Tenía en la nevera un paquete cerrado de láminas de pasta brick que compré hace tiempo en un supermercado aun cuando no sabía para que utilizarlas, pero es que como no las suelo encontrar en todos los super pues las compré para cuando llegara su momento.
Pues su momento llegó con esta receta que hoy os presento que creo puede ser un aperitivo o entrante perfecto para estas fiestas además de vistoso, no me digáis que no, que los invitados van a pensar que habéis estado todo el día preparando estos saquitos tan chulos y que además están buenísimos.

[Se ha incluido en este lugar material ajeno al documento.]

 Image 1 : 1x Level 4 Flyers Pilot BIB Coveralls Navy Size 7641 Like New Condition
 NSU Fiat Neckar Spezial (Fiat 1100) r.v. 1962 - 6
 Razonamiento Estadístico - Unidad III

Complicación no tienen salvo que para manipular la pasta brick que es muy fina hay que tener cuidado y pintarla con un poco de aceite para que estén flexibles y podamos darles forma.

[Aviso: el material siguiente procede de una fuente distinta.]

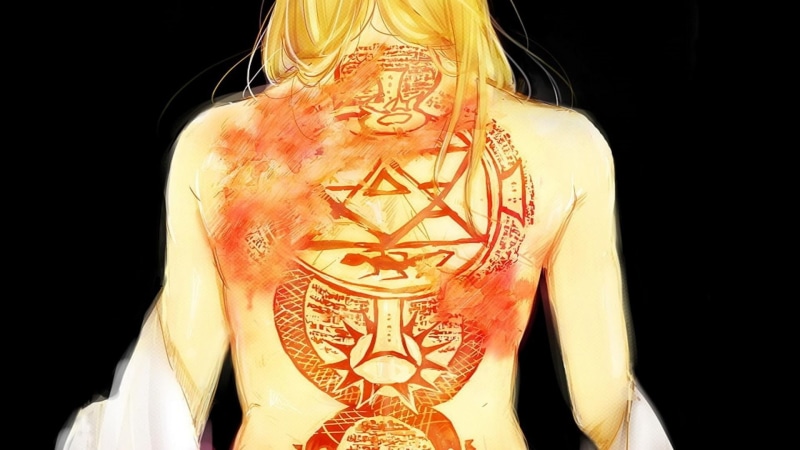 Full Metal Alchemist Brotherhood, 1080P, Riza Hawkeye, Full Metal Alchemist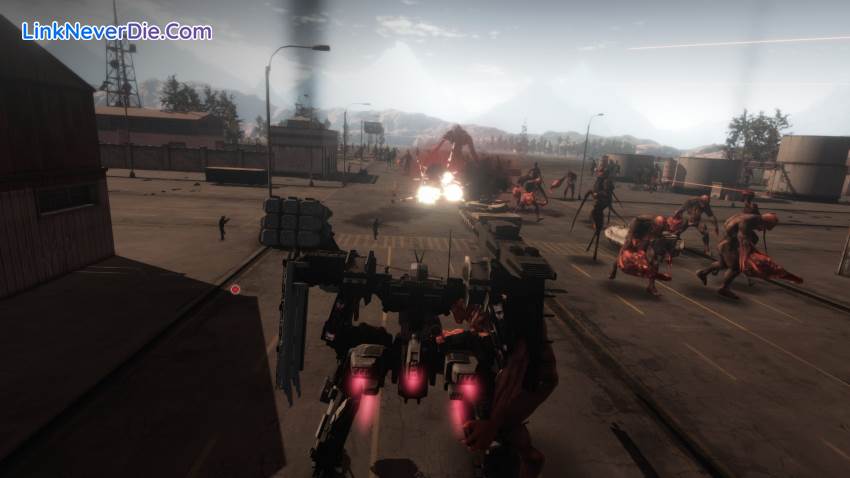 Hình ảnh trong game Mecha Knights: Nightmare (screenshot) Hình ảnh trong game Mecha Knights: Nightmare (screenshot)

Y por supuesto no me olvido que muchos/as diréis ¿y donde compro la pasta brick? pues si no la encontráis se me ocurre que utilicéis volovanes que seguro están igualmente buenísimos con este relleno.
Ingredientes:
(para 3 saquitos)
Para hacer los mejillones:
19 mejillones
3 ajos
1 rodaja de limón
1 hoja de laurel
Un poco de pimienta negra molida
Un chorreón de aceite de oliva
3 hojas de pasta brick
1 cuarta parte de una cebolla
6 gambones
1 chorreón de brandy
2 cucharadas de nata líquida para cocinar
2 cucharadas de aceite de oliva
Sal
En primer lugar haremos los mejillones y para ello dispondremos en una olla los mejillones limpios y añadiremos los ajos enteros con piel, la rodaja de limón, el laurel, la pimienta y el aceite. Tapamos la olla y ponemos al fuego hasta que los mejillones se abran, unos 5 minutos aproximadamente. Apartamos del fuego, quitamos las conchas y reservamos los mejillones. Asimismo colamos el caldo de cocción y lo reservamos igualmente.

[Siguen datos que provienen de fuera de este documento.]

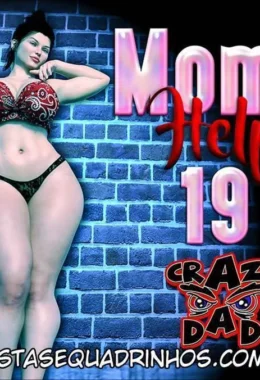 Mamãe Fudendo com Prazer – Hentai em 3D Explicito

En una sartén ponemos a sofreir hasta que esté blanda la cebolla con el aceite. A continuación añadimos los gambones pelados y troceados y seguidamente añadimos el brandy y flambeamos. Si no habéis flambeado nunca u os da miedo no os preocupéis esperad a que no huela demasiado a alcohol (un par de minutos) y seguid con la receta.
Añadimos los mejillones troceados, la nata y un par de cucharadas del caldo de cocción de los mejillones y dejamos que reduzca brevemente durante un par de minutos.
Apartamos y reservamos.
Por último preparamos los saquitos y para ello pintamos con un poco de aceite la lámina de pasta brick y ponemos en el centro una parte del relleno. Con mucho cuidado vamos subiendo todos los filos de forma que hagamos un saquito que ataremos con cordón de atar de cocina. No lo atéis demasiado fuete para luego poder quitarle el cordón.
Ponemos los saquitos en una fuente de horno, en la que previamente habremos puesto papel vegetal para horno para que no se peguen a la base, y horneamos a 180º durante unos 7 minutos las dos bandas arriba y abajo.
Sacamos del horno, cortamos con unas tijeras el cordón con el que habíamos atado los saquitos y a comer cuando estén todavía calientes.